Peu de séries arrivent à réunir autant d’unités pour leur championnat suisse. Le Lacustre, avec ses 30 concurrents, fait figure d’exception. © Urs Bangerter
La beauté du Lacustre a toutefois son prix. Il est plus élevé que celui d’un bateau comparable. Thomas von Gunten, le président de l’association des Lacustre, connaît bien le problème. Adapter la jauge revient à faire le grand écart : « D’un côté, nous essayons de garder le prix à un niveau accessible en autorisant des nouveautés comme la construction en PRV ou le gréement unitaire en aluminium. D’un autre côté, nous ne voulons pas défavoriser les constructions plus anciennes en édictant de nouvelles règles », précise-t-il.
Des flottes considérables
Un pari apparemment réussi. Au championnat suisse de cette année qui s’est disputé fin septembre à Spiez, on a pu admirer quelques embarcations plus anciennes dotées d’un mât en bois. Question performance, elles n’avaient rien à envier à leurs concurrents plus jeunes.
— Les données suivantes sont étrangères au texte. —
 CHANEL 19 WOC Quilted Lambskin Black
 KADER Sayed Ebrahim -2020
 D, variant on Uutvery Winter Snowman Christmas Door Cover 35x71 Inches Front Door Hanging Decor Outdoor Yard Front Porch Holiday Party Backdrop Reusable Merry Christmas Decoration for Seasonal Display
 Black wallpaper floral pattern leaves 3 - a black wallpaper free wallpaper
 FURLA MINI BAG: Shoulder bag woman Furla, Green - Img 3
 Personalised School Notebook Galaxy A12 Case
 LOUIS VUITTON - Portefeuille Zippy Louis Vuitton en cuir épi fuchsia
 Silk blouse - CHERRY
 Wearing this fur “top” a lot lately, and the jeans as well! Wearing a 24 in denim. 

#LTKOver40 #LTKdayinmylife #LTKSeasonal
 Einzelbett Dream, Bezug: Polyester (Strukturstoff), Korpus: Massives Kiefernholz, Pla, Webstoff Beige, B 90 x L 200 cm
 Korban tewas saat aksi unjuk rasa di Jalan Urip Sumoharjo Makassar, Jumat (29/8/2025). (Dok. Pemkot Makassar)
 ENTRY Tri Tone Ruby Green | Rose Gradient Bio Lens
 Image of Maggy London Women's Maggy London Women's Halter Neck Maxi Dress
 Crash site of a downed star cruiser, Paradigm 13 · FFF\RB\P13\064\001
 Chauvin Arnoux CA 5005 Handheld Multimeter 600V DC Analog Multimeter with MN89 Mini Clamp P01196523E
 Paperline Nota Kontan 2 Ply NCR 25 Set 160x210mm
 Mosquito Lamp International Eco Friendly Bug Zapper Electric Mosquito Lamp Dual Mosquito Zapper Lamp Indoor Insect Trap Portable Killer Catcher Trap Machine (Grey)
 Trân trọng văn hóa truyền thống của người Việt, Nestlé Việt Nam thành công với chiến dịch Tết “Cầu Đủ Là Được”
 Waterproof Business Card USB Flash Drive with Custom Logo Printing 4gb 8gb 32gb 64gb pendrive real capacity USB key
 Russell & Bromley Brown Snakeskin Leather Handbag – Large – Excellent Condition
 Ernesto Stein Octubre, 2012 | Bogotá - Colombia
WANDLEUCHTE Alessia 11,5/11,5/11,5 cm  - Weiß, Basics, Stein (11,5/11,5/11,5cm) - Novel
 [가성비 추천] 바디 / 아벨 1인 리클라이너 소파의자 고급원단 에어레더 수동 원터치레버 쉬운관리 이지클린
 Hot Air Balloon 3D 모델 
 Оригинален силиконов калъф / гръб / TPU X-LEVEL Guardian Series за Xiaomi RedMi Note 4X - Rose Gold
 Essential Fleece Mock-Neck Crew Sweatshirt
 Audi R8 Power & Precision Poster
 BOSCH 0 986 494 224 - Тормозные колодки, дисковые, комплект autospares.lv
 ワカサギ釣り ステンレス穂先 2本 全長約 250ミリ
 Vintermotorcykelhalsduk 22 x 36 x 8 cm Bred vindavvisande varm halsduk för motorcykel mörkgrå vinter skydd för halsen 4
Le fait de réunir une trentaine de bateaux pour une flotte de 140 unités capables de naviguer plaide incontestablement en faveur de l’activité de la série, d’autant plus qu’un seul Lacustre est stationné sur le lac de Thoune.
Si des coques en polyester sont autorisées, celles en acajou moulé dotées d’un pont en bois dominent. © Tobias Störkle
Parmi les concurrents présents, les tenants du titre Piet et Jan Eckert étaient de la partie. « Nous sommes fascinés par le bateau et il offre l’occasion rare de disputer un championnat helvétique contre un nombre considérable de concurrents. Aucune des nouvelles séries de daysailer ne réussit à rassembler une flotte aussi grande », expliquent les deux diplômés olympiques de 1992, amateurs de Lacustre.
Même après 75 ans, le Lacustre reste un des plus beaux bateaux classiques de nos lacs. © Tobias Störkle
Après les deux premiers jours du championnat, les chances de défendre leur titre s’étaient considérablement amoindries. Les vents faibles et changeants ont donné du fil à retordre aux navigateurs et il a fallu attendre le dernier jour pour voir les deux Zurichois monter en puissance. Gonflés à bloc, ils sont passés devant l’équipage allemand de Günter Reisacher, lui arrachant la victoire d’un petit point. La paire Bargehr et Mahr, deux soldats de l’armée autrichienne visant une qualification olympique sur 470, n’a quant à elle pas réussi à monter sur le podium malgré ses 250 jours par année passés sur l’eau. Une preuve incontestable du niveau de la série.
Quid de l’avenir ?
Pour les jeunes novices, le prix élevé du Lacustre est évidemment un grand handicap. Pour y remédier, l’association fait de la promotion de la relève au niveau des clubs l’une de ses priorités. Le Jugendförderverein Bodensee, par exemple, a acheté deux Lacustre et propose des entraînements ciblés. De l’autre côté de la frontière, l’Allemagne offre également des stages de vacances pour les adolescents. Une initiative qui pourrait faire des émules sur le lac de Zurich qui peut se targuer d’avoir une flotte active. Objectif : éviter que la série ne meurt avec les propriétaires. Ce serait une perte énorme pour la voile en Suisse. Le Lacustre mérite de fêter son 100e anniversaire.